Task to carry out
Look for the line that has "10690 NW 2nd" in the material below; please repeat it and every line after it, exactly, up to and including the line that has "Imac 21,5 -4K + teclado y magic mouse", and nothing else.

Extracted entries
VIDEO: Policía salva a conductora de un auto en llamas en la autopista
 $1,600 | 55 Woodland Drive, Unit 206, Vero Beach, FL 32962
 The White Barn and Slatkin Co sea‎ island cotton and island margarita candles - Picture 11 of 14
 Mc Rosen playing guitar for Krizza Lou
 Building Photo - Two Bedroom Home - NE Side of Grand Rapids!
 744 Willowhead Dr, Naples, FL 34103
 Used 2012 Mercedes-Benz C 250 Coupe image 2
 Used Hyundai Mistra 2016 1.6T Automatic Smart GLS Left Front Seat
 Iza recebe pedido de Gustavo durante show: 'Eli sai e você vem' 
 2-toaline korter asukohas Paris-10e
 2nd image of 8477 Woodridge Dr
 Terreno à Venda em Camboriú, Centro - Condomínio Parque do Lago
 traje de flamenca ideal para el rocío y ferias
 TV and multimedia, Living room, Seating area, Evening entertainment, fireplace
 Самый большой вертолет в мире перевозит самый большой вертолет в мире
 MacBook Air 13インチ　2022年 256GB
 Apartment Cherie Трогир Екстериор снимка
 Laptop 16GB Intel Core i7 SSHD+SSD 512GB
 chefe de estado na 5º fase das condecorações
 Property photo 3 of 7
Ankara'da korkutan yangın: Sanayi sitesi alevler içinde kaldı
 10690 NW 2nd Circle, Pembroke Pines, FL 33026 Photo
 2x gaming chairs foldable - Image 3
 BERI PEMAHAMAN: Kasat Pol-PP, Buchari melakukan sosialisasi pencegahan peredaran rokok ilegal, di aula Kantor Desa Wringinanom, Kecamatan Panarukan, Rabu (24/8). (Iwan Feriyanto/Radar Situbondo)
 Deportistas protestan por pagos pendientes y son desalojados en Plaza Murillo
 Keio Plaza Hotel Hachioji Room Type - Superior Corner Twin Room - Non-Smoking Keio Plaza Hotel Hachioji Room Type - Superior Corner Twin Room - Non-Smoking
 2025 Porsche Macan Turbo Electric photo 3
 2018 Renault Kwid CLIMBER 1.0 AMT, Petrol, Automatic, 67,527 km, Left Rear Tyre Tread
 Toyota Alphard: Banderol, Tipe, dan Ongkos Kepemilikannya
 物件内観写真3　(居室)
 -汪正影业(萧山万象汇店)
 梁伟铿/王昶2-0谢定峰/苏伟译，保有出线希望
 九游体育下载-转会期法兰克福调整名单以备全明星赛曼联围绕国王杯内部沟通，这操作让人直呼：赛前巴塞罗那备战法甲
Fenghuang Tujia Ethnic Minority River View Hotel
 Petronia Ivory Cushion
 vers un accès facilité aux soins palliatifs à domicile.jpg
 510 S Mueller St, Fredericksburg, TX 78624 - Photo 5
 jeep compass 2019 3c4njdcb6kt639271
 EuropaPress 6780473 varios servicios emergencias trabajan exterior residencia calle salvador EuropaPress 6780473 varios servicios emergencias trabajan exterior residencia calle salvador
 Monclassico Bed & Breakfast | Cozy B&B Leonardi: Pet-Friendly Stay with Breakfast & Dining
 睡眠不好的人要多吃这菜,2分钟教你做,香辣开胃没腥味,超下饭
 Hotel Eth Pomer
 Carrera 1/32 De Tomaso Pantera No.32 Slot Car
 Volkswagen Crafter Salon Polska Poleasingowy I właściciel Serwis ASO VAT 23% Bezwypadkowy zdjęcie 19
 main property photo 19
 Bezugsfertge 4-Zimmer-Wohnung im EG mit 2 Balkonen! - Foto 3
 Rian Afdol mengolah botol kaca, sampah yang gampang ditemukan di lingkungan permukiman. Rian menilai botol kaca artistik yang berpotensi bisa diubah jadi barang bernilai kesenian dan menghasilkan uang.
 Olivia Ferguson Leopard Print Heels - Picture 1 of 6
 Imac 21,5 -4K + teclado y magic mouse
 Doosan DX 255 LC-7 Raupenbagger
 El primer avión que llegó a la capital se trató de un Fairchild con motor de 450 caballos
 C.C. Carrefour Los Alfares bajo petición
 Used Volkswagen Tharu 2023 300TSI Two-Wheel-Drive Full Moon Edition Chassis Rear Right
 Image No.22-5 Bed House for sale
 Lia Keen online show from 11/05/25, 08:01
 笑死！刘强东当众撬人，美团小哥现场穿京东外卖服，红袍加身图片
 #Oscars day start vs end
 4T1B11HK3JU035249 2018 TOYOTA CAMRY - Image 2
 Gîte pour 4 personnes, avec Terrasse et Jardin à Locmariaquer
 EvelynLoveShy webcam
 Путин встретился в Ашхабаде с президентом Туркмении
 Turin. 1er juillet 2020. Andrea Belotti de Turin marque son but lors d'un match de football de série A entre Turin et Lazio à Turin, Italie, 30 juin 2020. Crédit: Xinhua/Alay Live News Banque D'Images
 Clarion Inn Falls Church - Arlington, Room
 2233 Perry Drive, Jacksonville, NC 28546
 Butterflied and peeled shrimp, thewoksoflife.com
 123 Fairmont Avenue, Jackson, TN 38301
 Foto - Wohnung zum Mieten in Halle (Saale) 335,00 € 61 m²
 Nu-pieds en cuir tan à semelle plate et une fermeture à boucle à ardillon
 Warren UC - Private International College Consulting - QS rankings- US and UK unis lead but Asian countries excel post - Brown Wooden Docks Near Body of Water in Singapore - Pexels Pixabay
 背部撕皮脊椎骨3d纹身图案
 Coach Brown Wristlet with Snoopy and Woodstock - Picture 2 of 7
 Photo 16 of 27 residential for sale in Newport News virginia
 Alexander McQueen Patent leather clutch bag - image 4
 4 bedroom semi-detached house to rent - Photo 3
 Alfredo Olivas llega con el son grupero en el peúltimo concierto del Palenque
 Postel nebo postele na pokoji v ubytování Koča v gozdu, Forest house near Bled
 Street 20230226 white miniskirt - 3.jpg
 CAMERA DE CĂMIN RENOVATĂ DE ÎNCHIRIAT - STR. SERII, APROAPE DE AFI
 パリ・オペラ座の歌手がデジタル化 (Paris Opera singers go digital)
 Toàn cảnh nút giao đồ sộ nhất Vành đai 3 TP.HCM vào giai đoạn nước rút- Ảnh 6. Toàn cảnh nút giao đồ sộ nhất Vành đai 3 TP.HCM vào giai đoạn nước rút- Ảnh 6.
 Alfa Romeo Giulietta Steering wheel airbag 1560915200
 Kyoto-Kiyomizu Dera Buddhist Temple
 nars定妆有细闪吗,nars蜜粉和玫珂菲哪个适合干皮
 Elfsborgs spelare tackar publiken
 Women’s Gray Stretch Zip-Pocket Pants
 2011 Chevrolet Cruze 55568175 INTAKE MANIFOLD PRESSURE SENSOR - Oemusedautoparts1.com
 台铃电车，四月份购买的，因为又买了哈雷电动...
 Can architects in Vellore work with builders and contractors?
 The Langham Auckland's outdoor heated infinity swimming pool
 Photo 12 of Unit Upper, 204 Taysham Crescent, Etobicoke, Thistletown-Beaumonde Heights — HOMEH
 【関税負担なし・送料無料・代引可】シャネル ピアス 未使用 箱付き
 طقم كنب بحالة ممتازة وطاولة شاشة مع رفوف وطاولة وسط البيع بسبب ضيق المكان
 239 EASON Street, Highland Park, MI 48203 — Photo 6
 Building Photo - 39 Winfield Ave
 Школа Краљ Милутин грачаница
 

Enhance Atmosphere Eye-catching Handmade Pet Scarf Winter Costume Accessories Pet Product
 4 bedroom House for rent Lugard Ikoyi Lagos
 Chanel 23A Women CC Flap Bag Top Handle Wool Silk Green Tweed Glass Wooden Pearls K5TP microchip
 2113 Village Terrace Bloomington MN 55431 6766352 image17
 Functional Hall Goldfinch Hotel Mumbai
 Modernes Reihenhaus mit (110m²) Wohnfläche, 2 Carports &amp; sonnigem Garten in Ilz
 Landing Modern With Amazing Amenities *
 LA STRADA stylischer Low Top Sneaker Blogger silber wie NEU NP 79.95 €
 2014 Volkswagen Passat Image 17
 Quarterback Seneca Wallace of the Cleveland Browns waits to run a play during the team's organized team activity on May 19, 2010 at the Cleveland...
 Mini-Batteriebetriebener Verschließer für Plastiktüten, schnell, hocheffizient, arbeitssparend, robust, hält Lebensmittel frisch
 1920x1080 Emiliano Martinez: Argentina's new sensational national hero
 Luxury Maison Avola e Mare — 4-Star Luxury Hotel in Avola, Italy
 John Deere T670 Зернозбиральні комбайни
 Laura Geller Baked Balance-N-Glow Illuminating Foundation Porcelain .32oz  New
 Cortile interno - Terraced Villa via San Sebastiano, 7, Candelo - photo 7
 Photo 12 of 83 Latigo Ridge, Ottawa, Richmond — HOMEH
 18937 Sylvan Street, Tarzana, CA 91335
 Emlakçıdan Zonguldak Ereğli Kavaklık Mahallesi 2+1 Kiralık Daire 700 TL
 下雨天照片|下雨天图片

Answer to this task
 10690 NW 2nd Circle, Pembroke Pines, FL 33026 Photo
 2x gaming chairs foldable - Image 3
 BERI PEMAHAMAN: Kasat Pol-PP, Buchari melakukan sosialisasi pencegahan peredaran rokok ilegal, di aula Kantor Desa Wringinanom, Kecamatan Panarukan, Rabu (24/8). (Iwan Feriyanto/Radar Situbondo)
 Deportistas protestan por pagos pendientes y son desalojados en Plaza Murillo
 Keio Plaza Hotel Hachioji Room Type - Superior Corner Twin Room - Non-Smoking Keio Plaza Hotel Hachioji Room Type - Superior Corner Twin Room - Non-Smoking
 2025 Porsche Macan Turbo Electric photo 3
 2018 Renault Kwid CLIMBER 1.0 AMT, Petrol, Automatic, 67,527 km, Left Rear Tyre Tread
 Toyota Alphard: Banderol, Tipe, dan Ongkos Kepemilikannya
 物件内観写真3　(居室)
 -汪正影业(萧山万象汇店)
 梁伟铿/王昶2-0谢定峰/苏伟译，保有出线希望
 九游体育下载-转会期法兰克福调整名单以备全明星赛曼联围绕国王杯内部沟通，这操作让人直呼：赛前巴塞罗那备战法甲
Fenghuang Tujia Ethnic Minority River View Hotel
 Petronia Ivory Cushion
 vers un accès facilité aux soins palliatifs à domicile.jpg
 510 S Mueller St, Fredericksburg, TX 78624 - Photo 5
 jeep compass 2019 3c4njdcb6kt639271
 EuropaPress 6780473 varios servicios emergencias trabajan exterior residencia calle salvador EuropaPress 6780473 varios servicios emergencias trabajan exterior residencia calle salvador
 Monclassico Bed & Breakfast | Cozy B&B Leonardi: Pet-Friendly Stay with Breakfast & Dining
 睡眠不好的人要多吃这菜,2分钟教你做,香辣开胃没腥味,超下饭
 Hotel Eth Pomer
 Carrera 1/32 De Tomaso Pantera No.32 Slot Car
 Volkswagen Crafter Salon Polska Poleasingowy I właściciel Serwis ASO VAT 23% Bezwypadkowy zdjęcie 19
 main property photo 19
 Bezugsfertge 4-Zimmer-Wohnung im EG mit 2 Balkonen! - Foto 3
 Rian Afdol mengolah botol kaca, sampah yang gampang ditemukan di lingkungan permukiman. Rian menilai botol kaca artistik yang berpotensi bisa diubah jadi barang bernilai kesenian dan menghasilkan uang.
 Olivia Ferguson Leopard Print Heels - Picture 1 of 6
 Imac 21,5 -4K + teclado y magic mouse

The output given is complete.